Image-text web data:
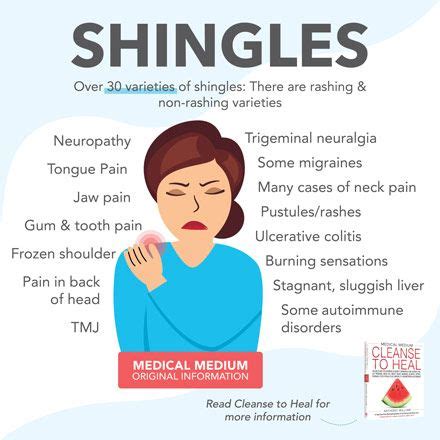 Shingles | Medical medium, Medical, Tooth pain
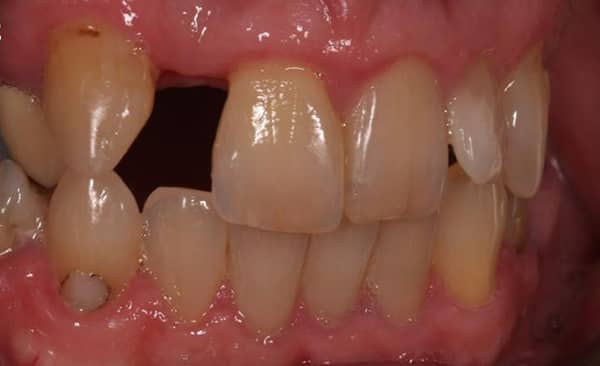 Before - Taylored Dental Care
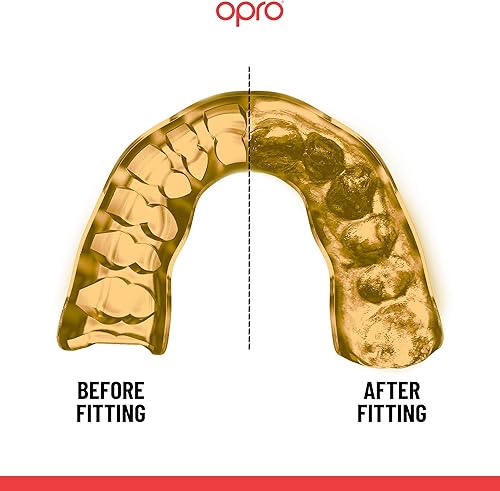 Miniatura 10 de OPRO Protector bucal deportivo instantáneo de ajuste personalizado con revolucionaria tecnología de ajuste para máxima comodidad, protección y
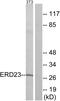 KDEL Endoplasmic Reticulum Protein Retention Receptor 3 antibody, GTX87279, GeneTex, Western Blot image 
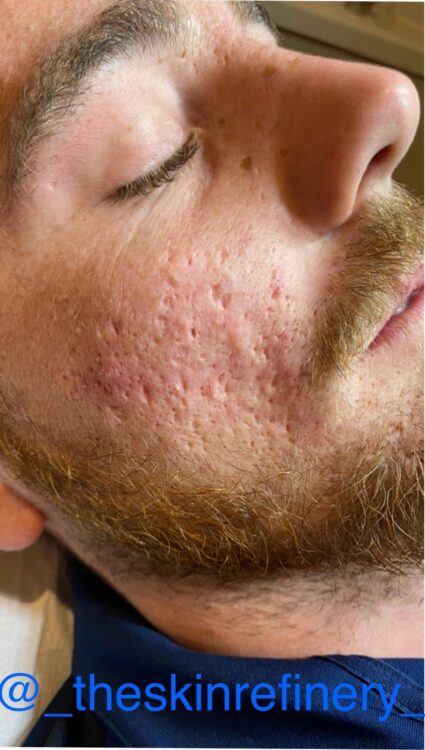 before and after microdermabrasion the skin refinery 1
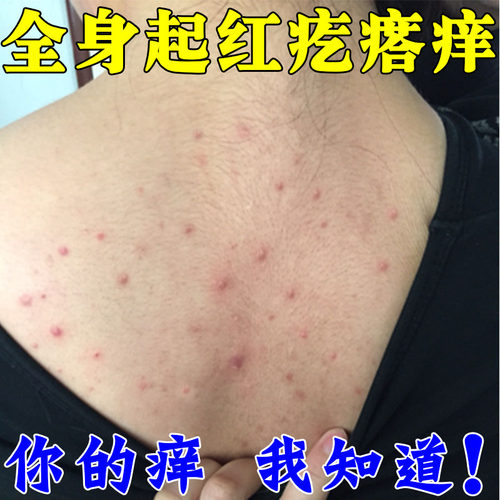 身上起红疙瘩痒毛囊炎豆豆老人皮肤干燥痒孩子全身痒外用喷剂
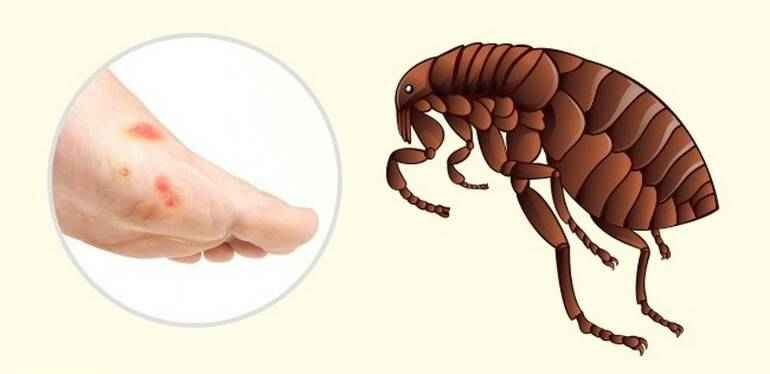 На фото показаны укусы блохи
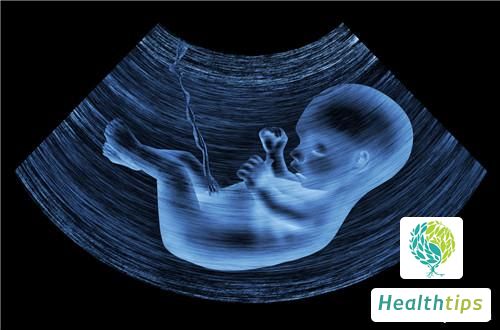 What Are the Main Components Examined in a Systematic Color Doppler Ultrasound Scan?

---

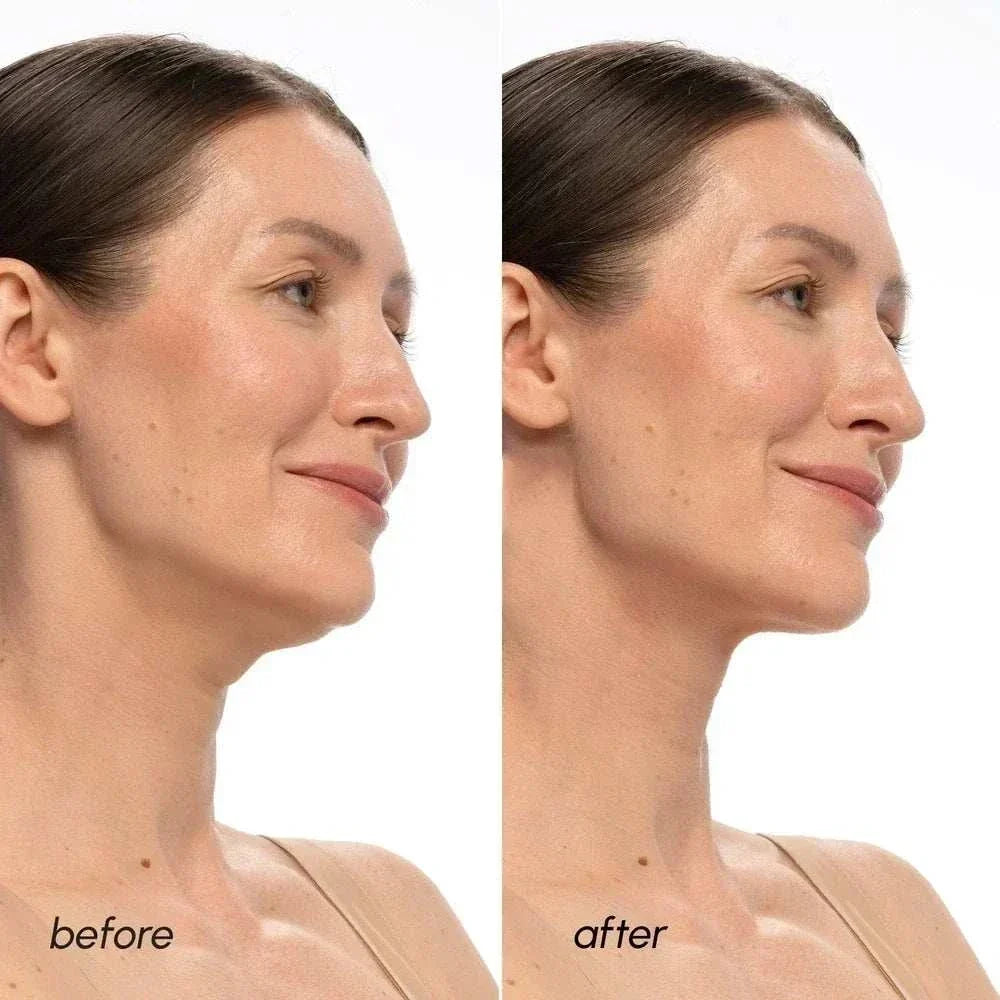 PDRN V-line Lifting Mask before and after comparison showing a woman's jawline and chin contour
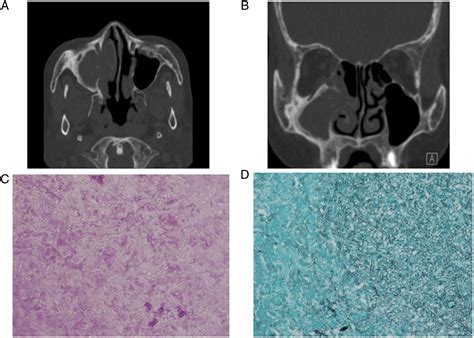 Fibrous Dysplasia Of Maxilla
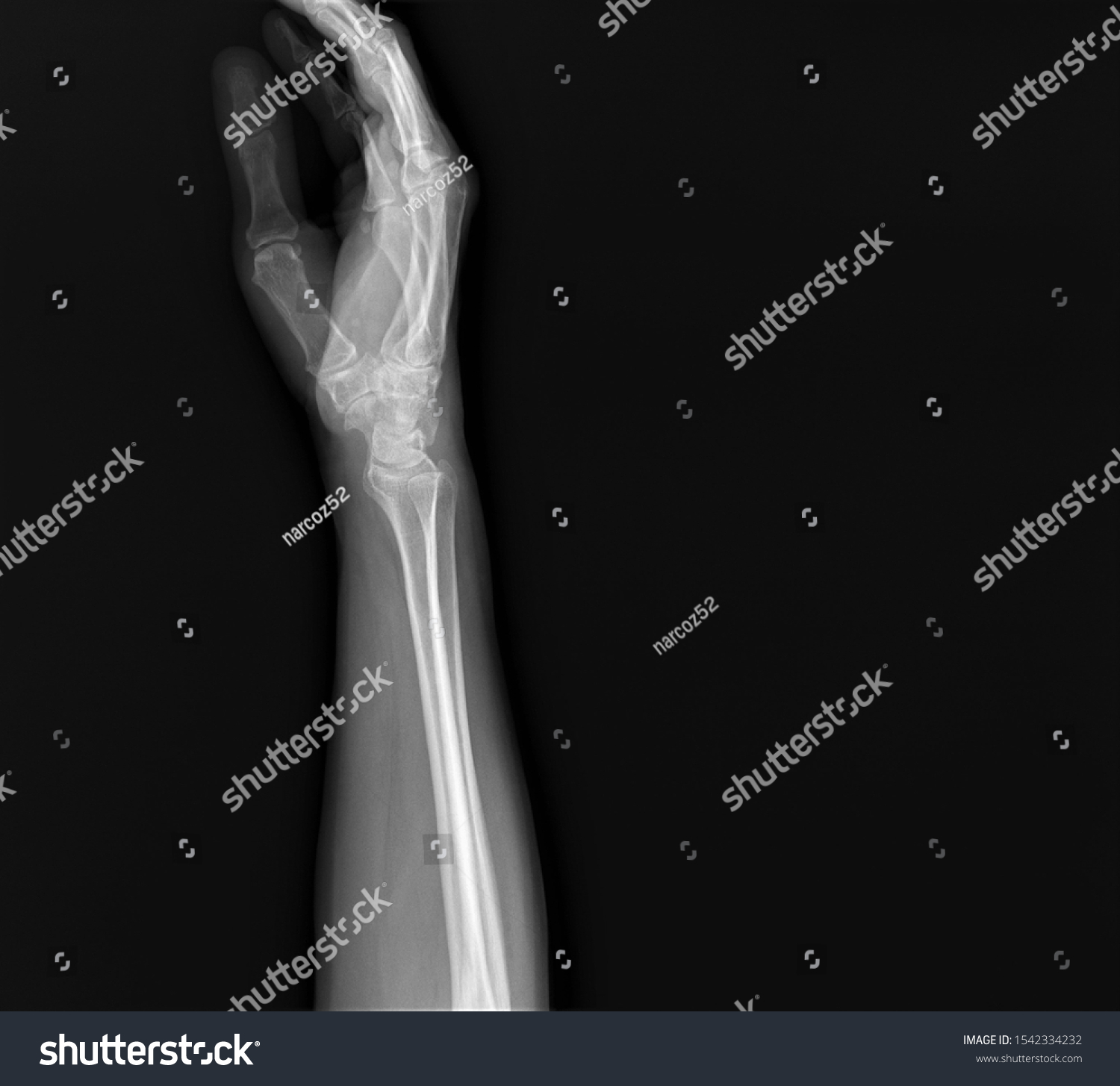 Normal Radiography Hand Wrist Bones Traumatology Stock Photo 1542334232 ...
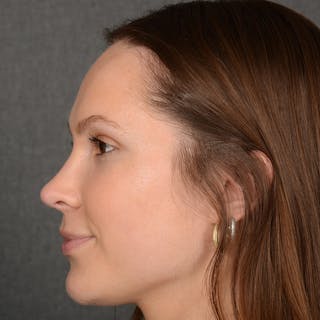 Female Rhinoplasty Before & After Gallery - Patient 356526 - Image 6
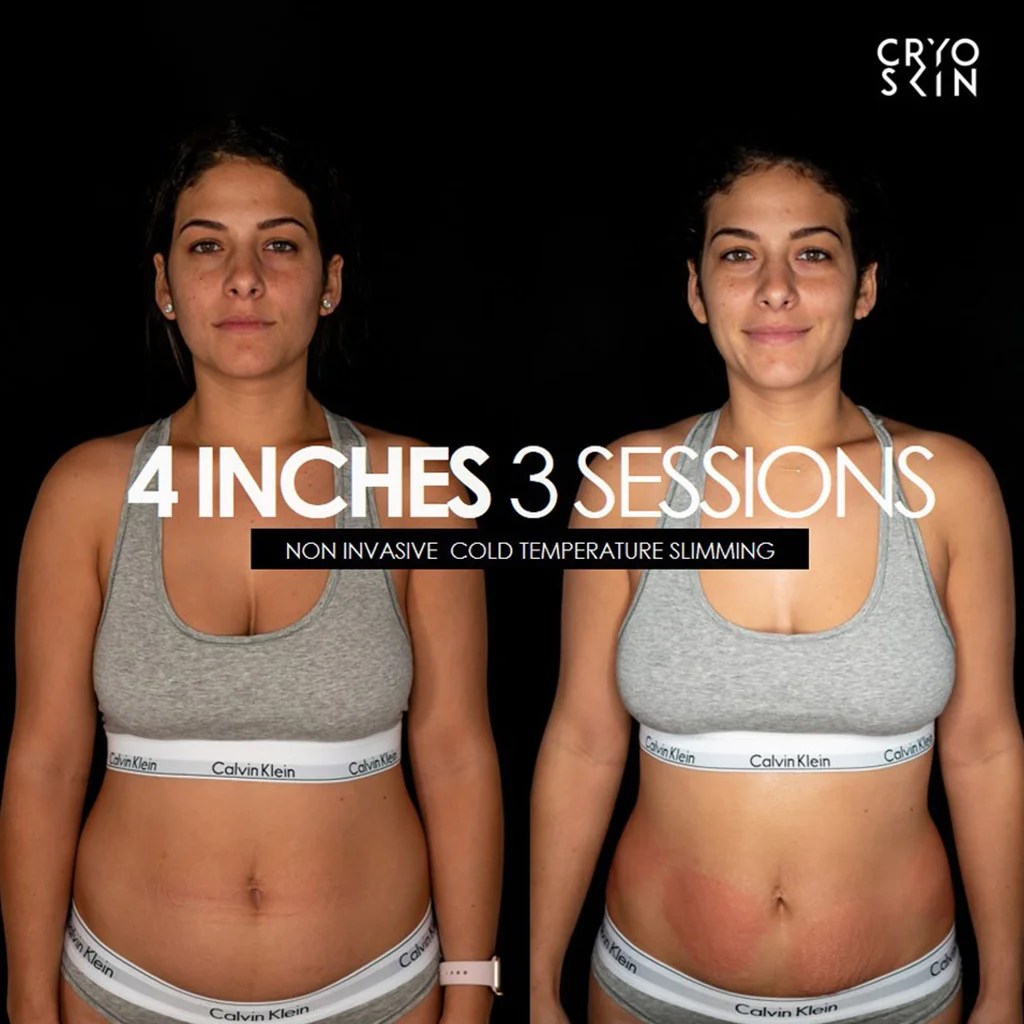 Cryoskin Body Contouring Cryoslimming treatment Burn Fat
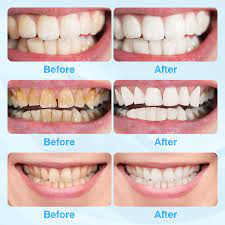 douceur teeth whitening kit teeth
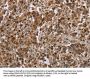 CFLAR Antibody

## PROBLEM TO WORK ON:
Set down exactly the lines above, from the line containing "Medical, Tooth pain" through the line containing "What Are the". Skip the pictures.

## SOLUTION TO THIS EXERCISE:
 Shingles | Medical medium, Medical, Tooth pain
 Before - Taylored Dental Care
 Miniatura 10 de OPRO Protector bucal deportivo instantáneo de ajuste personalizado con revolucionaria tecnología de ajuste para máxima comodidad, protección y
 KDEL Endoplasmic Reticulum Protein Retention Receptor 3 antibody, GTX87279, GeneTex, Western Blot image 
 before and after microdermabrasion the skin refinery 1
 身上起红疙瘩痒毛囊炎豆豆老人皮肤干燥痒孩子全身痒外用喷剂
 На фото показаны укусы блохи
 What Are the Main Components Examined in a Systematic Color Doppler Ultrasound Scan?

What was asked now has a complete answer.